Someone had once told her that the world was the manifestation of God’s consciousness, and if that were true, if you believed it—and she thought, perhaps, that she did—you couldn’t be disappointed by it. Yet she was, sadly, she was, because what was around her simply wasn’t enough.

The emojis while the bombs fell. 

Je suis Charlie! and a red, white, and blue filter on your profile pic.

This was life?

It was, after all. It is. At least a form of life, and she could drown in it, or she could go back to work because, honestly, what was the alternative? Get the kids into good schools while they rape girls in Nigeria. Put the whole thing on Instagram. Isn’t that what one did?

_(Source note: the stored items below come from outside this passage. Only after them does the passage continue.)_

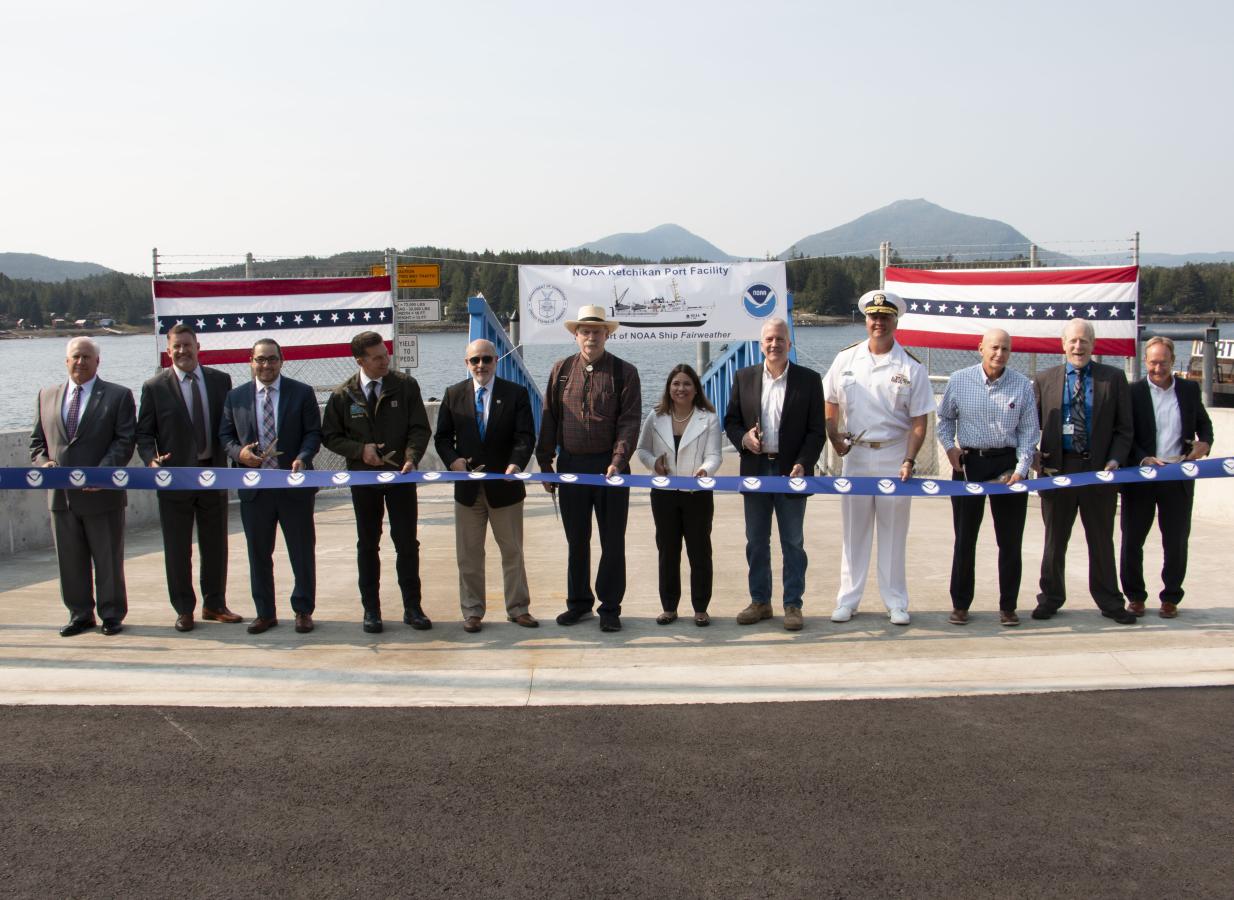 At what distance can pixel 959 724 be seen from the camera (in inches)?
204

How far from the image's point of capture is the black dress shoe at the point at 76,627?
268 inches

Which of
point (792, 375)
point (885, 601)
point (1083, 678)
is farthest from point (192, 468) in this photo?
point (1083, 678)

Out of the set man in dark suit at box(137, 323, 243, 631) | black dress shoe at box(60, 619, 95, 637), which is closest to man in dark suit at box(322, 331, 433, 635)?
man in dark suit at box(137, 323, 243, 631)

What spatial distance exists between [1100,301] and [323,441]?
9.30m

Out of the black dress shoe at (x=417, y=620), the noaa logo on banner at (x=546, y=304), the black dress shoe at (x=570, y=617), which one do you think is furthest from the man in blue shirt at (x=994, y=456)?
the noaa logo on banner at (x=546, y=304)

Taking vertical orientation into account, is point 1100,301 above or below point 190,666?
above

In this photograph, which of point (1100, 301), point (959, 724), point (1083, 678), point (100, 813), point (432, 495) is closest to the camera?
point (100, 813)

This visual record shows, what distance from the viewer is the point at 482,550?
7.04 metres

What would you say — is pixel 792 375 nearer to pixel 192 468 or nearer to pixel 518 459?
pixel 518 459

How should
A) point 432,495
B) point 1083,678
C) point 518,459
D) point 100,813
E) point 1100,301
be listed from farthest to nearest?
point 432,495 → point 1100,301 → point 518,459 → point 1083,678 → point 100,813

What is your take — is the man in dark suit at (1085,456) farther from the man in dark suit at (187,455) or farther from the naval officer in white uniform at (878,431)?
the man in dark suit at (187,455)

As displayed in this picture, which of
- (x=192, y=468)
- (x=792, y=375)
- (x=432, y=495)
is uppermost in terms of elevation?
(x=792, y=375)

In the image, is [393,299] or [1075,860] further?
[393,299]

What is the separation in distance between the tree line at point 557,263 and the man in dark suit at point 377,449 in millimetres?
6259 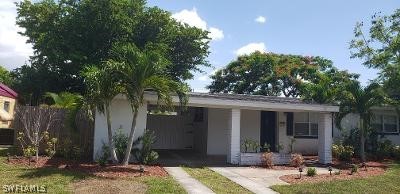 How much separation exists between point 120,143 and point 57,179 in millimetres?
3984

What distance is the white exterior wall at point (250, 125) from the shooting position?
68.9ft

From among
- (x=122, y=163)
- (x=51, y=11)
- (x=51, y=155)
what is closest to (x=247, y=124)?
(x=122, y=163)

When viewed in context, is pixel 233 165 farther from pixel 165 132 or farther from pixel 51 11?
pixel 51 11

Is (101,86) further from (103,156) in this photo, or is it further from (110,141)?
(103,156)

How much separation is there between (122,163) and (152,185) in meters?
3.40

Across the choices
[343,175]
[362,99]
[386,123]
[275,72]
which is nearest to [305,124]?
[362,99]

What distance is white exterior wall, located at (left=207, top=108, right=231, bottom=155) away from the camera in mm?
20469

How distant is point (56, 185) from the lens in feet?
34.9

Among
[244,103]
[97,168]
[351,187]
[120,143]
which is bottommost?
[351,187]

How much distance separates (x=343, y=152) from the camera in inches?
778

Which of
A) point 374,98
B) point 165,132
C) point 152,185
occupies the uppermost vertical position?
point 374,98

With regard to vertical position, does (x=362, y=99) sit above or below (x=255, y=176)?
above

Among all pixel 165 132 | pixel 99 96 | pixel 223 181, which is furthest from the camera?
pixel 165 132

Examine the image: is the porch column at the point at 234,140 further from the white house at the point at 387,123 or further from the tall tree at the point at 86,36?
the white house at the point at 387,123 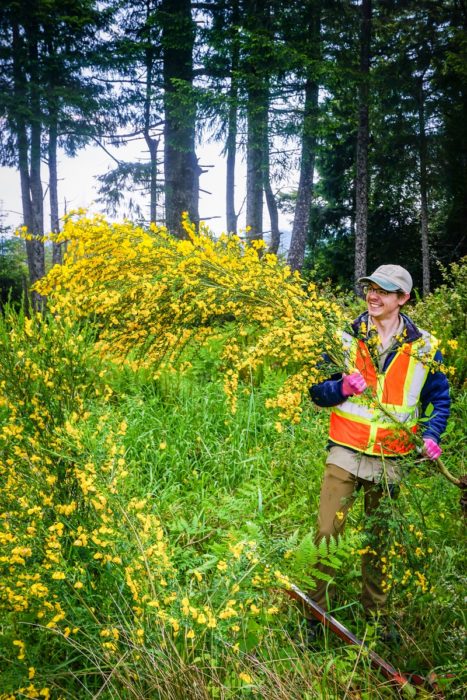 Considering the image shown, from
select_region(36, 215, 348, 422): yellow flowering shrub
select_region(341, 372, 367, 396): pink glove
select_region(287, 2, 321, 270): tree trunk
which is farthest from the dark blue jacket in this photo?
select_region(287, 2, 321, 270): tree trunk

The lost a string of tears in a text message.

It wouldn’t touch the Rhett family, it couldn’t. Their life was so safe, so cushioned, yet here was this sense of impending collapse that was held at bay only by— 

So Emily, said the burned woman floating above her, go home, retire, why shouldn’t you? I would if I were you. Retreat behind the gate of your semiposh neighborhood with its cart paths and boat slips. Get the Mexican yard crew. Get the West Indian nanny and the Peloton bike. You’ve done your duty, Emily.

But what was this duty business? She wanted to know. This implication that you put in x hours or years toward the greater good and thereafter you were free to spend your days tightening your core at Pilates or sitting on the veranda at the Grove Park Inn, both activities, to be fair, that she very much enjoyed but also felt should be judiciously rationed. But why? Why ration them? Why not simply live?

You’ve done your part, Emily.

You’ve done . . .

A few minutes later, they were all assembled in the kitchen and then rushing out of the kitchen into the garage, Emily calling goodbye and the boys calling back. Knox kissed her cheek.  He had his overnight bag with him, and she could see how anxious he was to get out the door so OK, go ahead, don’t let me stop you.

She stood on the porch to watch them pull out of the drive and up the street, a last wave, a blown kiss. Goodbye. I love you, all of you. I love you so much.

It was only when they were gone that she reminded herself to pray.